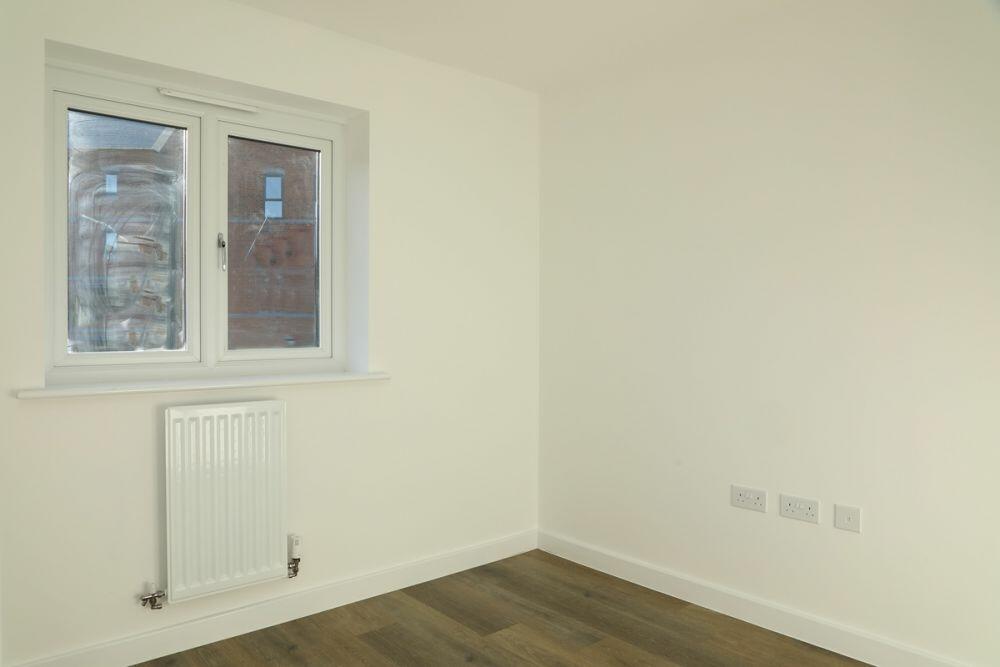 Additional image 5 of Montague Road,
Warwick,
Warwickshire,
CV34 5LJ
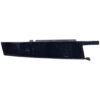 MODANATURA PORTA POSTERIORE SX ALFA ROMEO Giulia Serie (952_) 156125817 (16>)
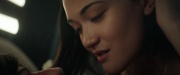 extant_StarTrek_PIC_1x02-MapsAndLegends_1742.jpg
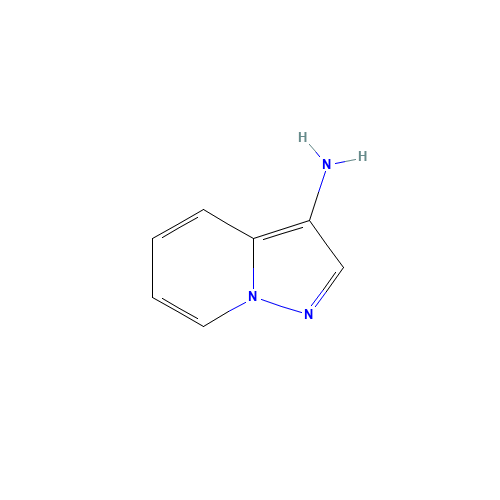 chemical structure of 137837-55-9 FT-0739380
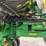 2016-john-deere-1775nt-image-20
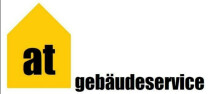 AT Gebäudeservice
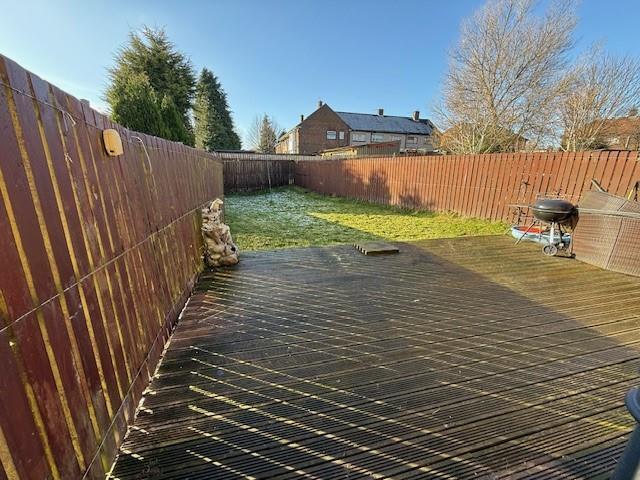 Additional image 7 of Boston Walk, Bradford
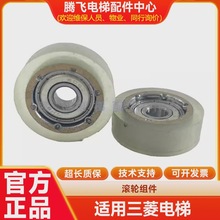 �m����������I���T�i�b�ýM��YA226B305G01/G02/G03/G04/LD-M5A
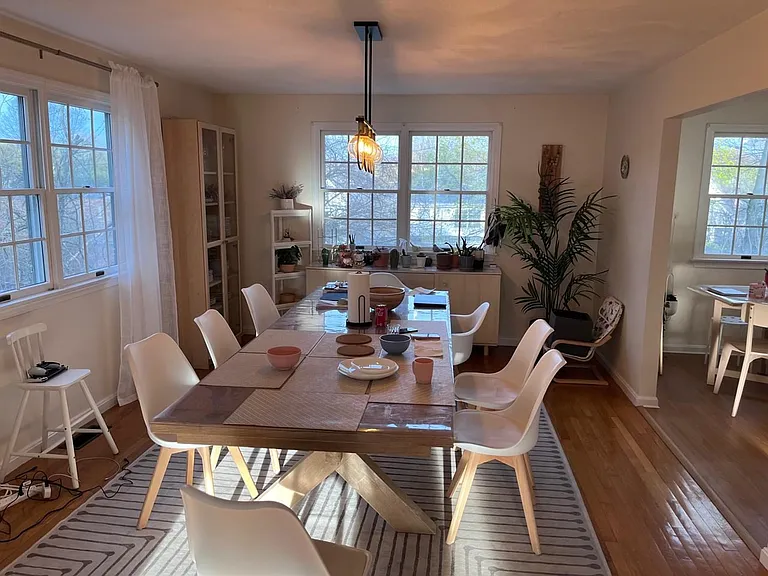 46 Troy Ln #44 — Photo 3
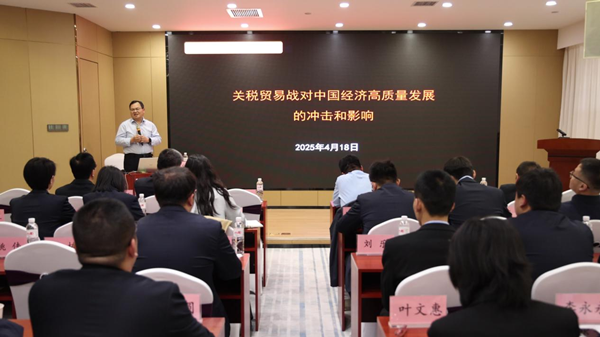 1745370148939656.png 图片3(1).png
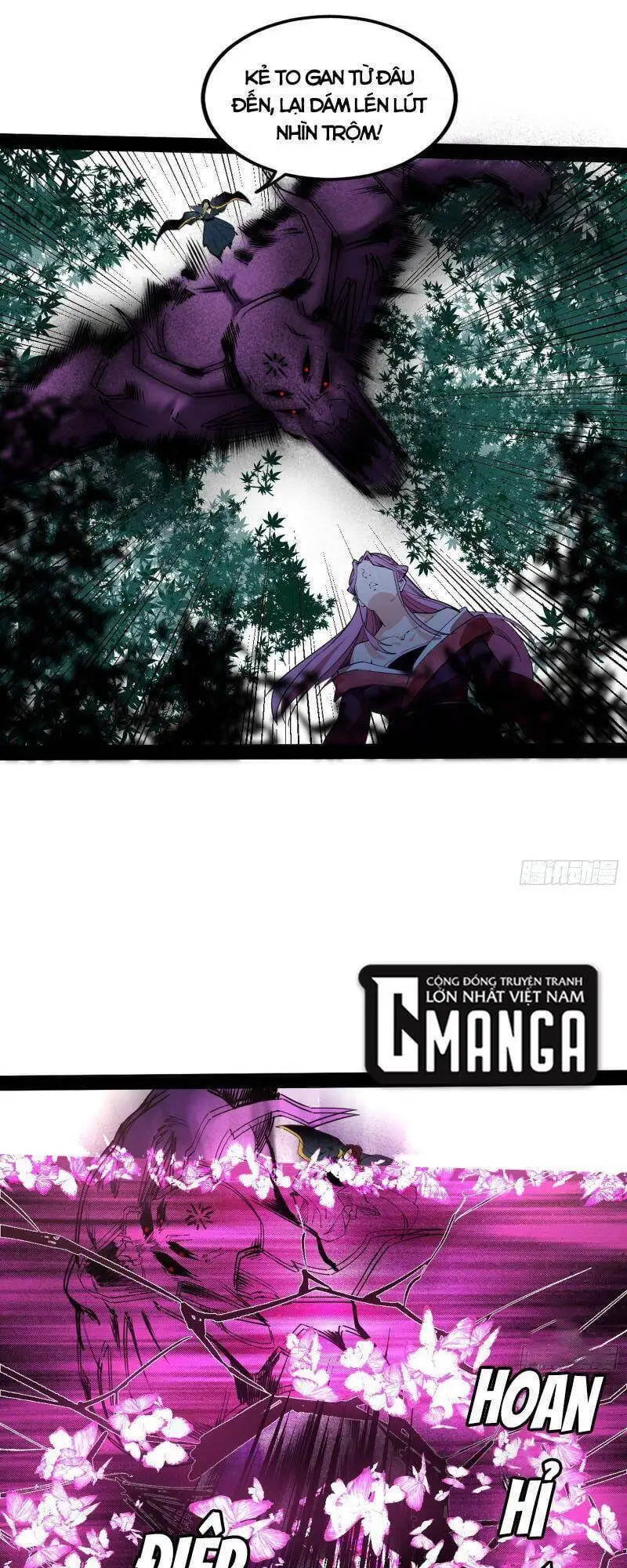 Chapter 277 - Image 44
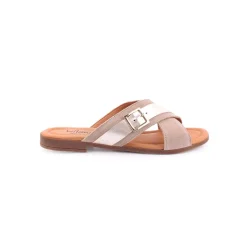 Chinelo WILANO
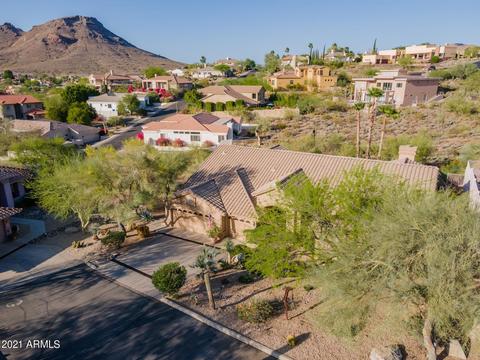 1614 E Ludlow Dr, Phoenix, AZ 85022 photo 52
^^^^^^^^
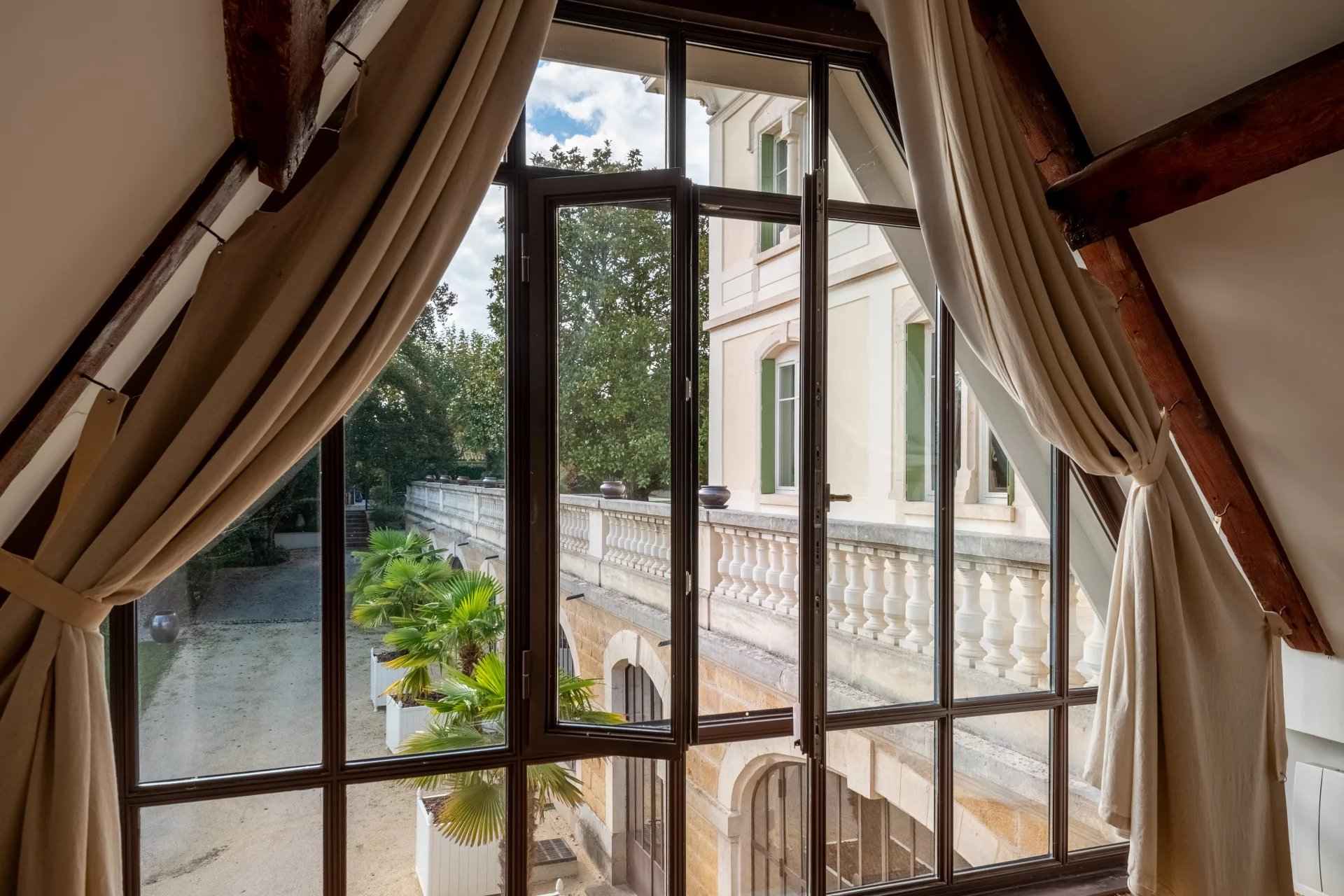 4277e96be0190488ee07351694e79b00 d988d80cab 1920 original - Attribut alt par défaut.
^^^^^^^^
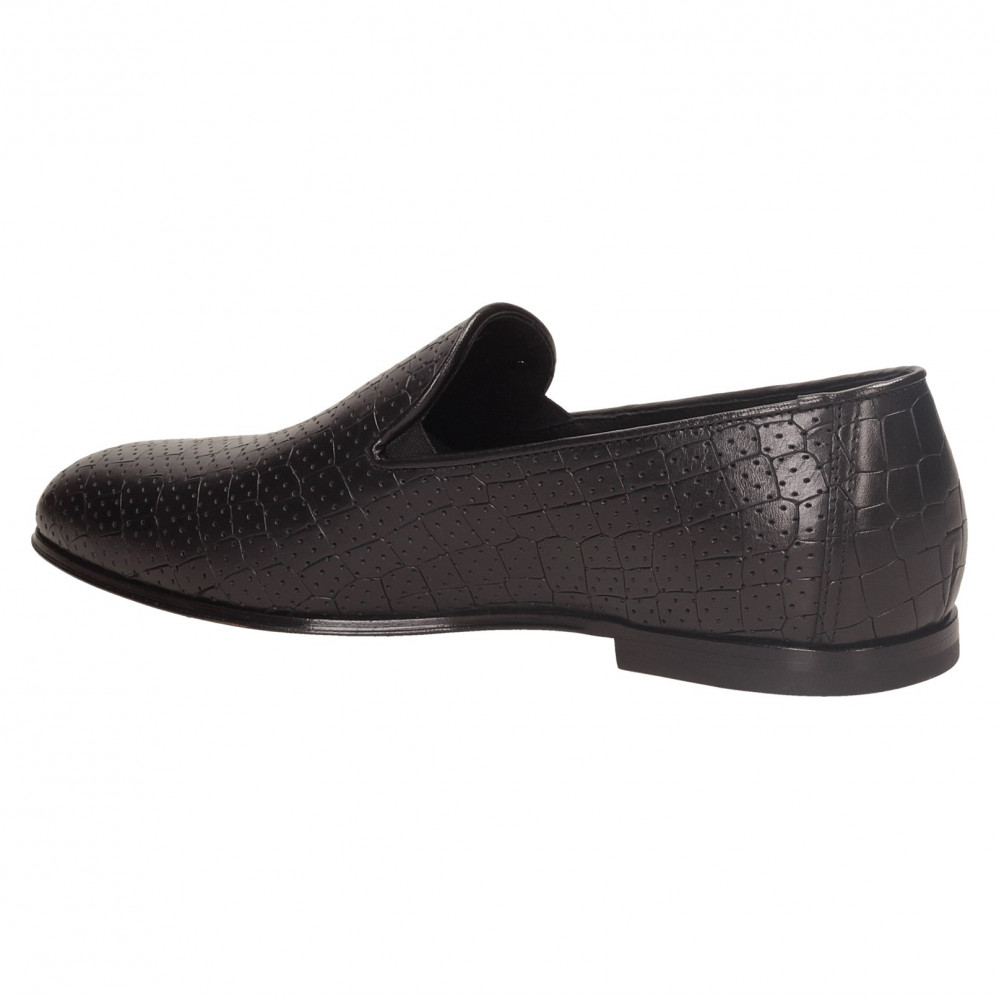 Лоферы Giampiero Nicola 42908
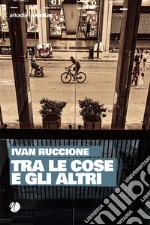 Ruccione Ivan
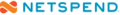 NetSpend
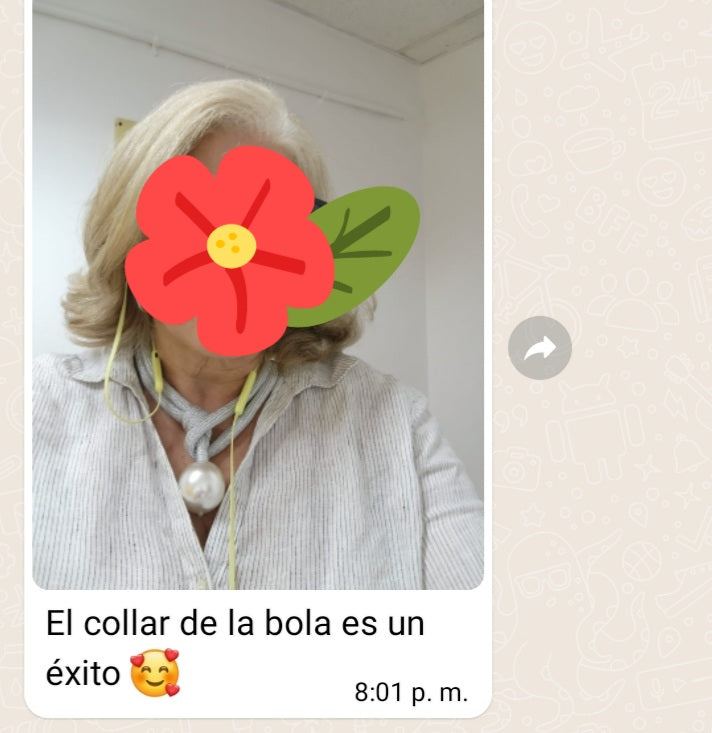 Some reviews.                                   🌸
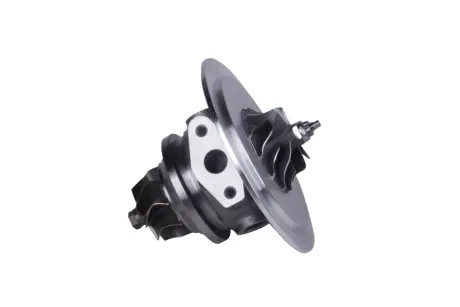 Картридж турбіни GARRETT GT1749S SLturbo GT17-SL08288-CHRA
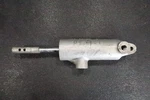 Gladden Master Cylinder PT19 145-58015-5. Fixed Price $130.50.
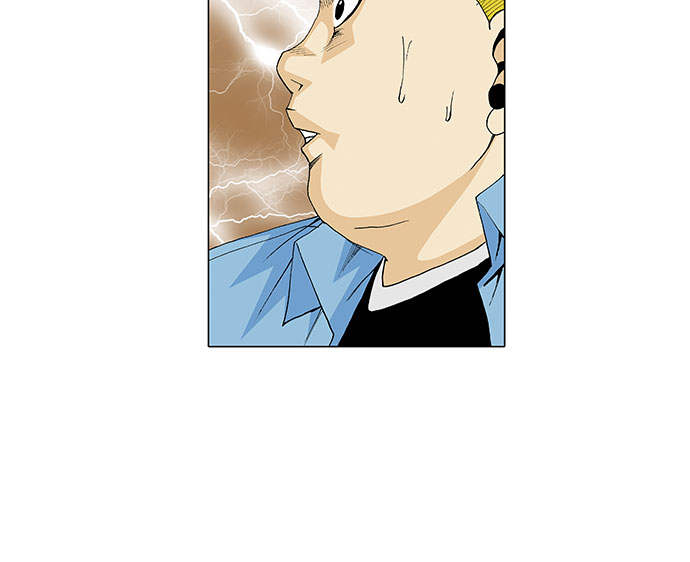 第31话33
^^^^^^^^
• What you are asked to do: Every line from the one with "46 Troy Ln #44 — Photo 3" through the one with "1614 E Ludlow Dr, Phoenix, AZ 85022 photo 52" is to be reproduced exactly as written above, and the pictures are to be dropped.

• Written solution:
 46 Troy Ln #44 — Photo 3
 1745370148939656.png 图片3(1).png
 Chapter 277 - Image 44
 Chinelo WILANO
 1614 E Ludlow Dr, Phoenix, AZ 85022 photo 52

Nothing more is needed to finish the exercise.